Everyone within an organisation needs to know what the regulation means for them. This means establishing which areas of the business fall within the scope of GDPR, by identifying, assessing and mitigating privacy risks with data processing activities. For larger organisations, territories and jurisdictions must be looked at too – as well as standards and management systems that may be affected or could positively contribute to GDPR compliance.
Another task is to establish from the IT team if there are any imminent projects that involve personal data – as these will be candidates for privacy by design. This is critical as, privacy by design in a service or product, is taken into account, not only at the point of delivery, but also from a product’s inception.
Organisations hold huge volumes of data in all sorts of weird and wonderful places, so they must ensure that they’ve identified which types are held, where it comes from and the lawful basis for processing it. There are special categories of data that may invite stricter processing rules, such as getting explicit consent. Once all data has been sought out – it must be clearly documented with when, how, and why it was obtained; what is going to be done with it and how long its will be kept.
Organisations will hopefully now have an understanding of how personal data follows within their business too – as well as where it comes from and where it is sent. This will help highlight risks in data processing activities and where controls are required. From this, it can be established if further effort is required to help identify, assess and mitigate or minimise privacy risks with data processing activities. The three primary conditions for an assessment identified in the GDPR are:
According to Article 30 of the GDPR, companies will be required to record personal data processing activities including, but not limited to, the categories of data being processed, the categories of recipients of the data and time limits for keeping the data. Each business will also need a privacy notice, a data protection policy and have to update or review contracts with employees and suppliers – to ensure they are compliant.
These policies should explain what personal data is and why it’s important to keep it secure and protected. Everyone should be clear on what they can and cannot do with that data and must understand the consequences of non-compliance.
The rules around consent are clear: it must be freely given by the individuals; the information must be unambiguous, specific and with no jargon, and consent must be given affirmatively. Transparency is paramount: organisations must be open and honest with the people who provide their data about what is being collected, why it’s wanted, how it will be used and how it will be cared for – and that withdrawal of their consent is possible at any time.
To addresses citizen’s rights, requires more comprehensive outlines on how their data should be handled. Key changes include the ‘right of access’, which have expanded considerably and are required to be free of charge. Additionally, the ‘right to be forgotten’ has also been extended, with individuals now able to be ‘forgotten’ when they no longer want to have a relationship with that brand. This means that organisations should think about what processes are needed to accomplish this.
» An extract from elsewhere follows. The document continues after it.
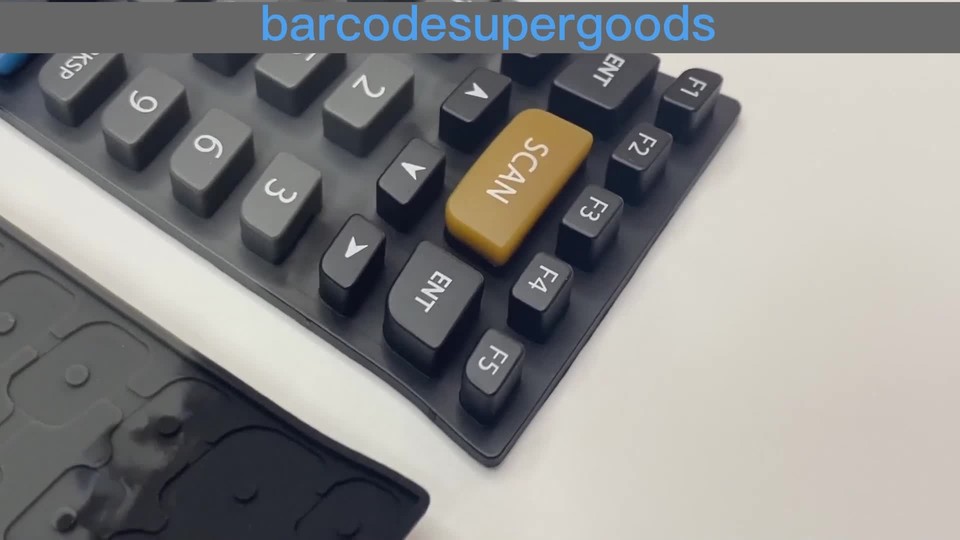 Numeric (38-Keys) Keypad Replacement for Datalogic Skorpio X3 2D | eBay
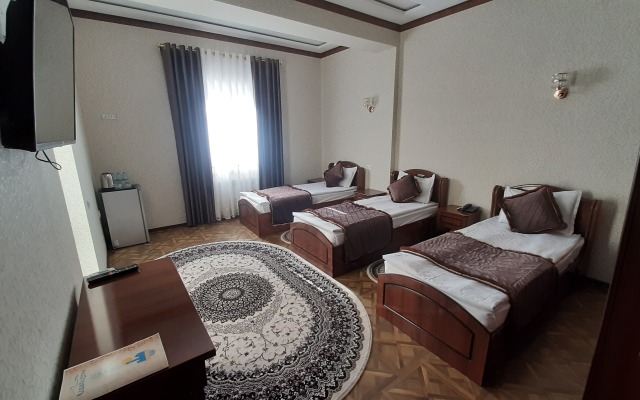 Said Islom Khoja Hotel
This response process to a data breach must become flawless. Organisations must therefore conduct practice sessions to ensure that everyone knows what is expected of them – so they’re able to alert the relevant authorities within 72 hours.
If outside help is required, organisations should only consider GDPR partners that have hands-on experience, great relationships with other experts in the field, access to specialist tools – and possesses a strong track record in regulated sectors. Also, a potential partner should already be GDPR compliant themselves.
Also, ensure any partner complies with ISO 27001 to deliver the appropriate technical controls, policies, procedures and promote a culture of awareness of information security. Any potential partner should also follow ITIL best practices and help use it to implement and adapt processes for GDPR compliance.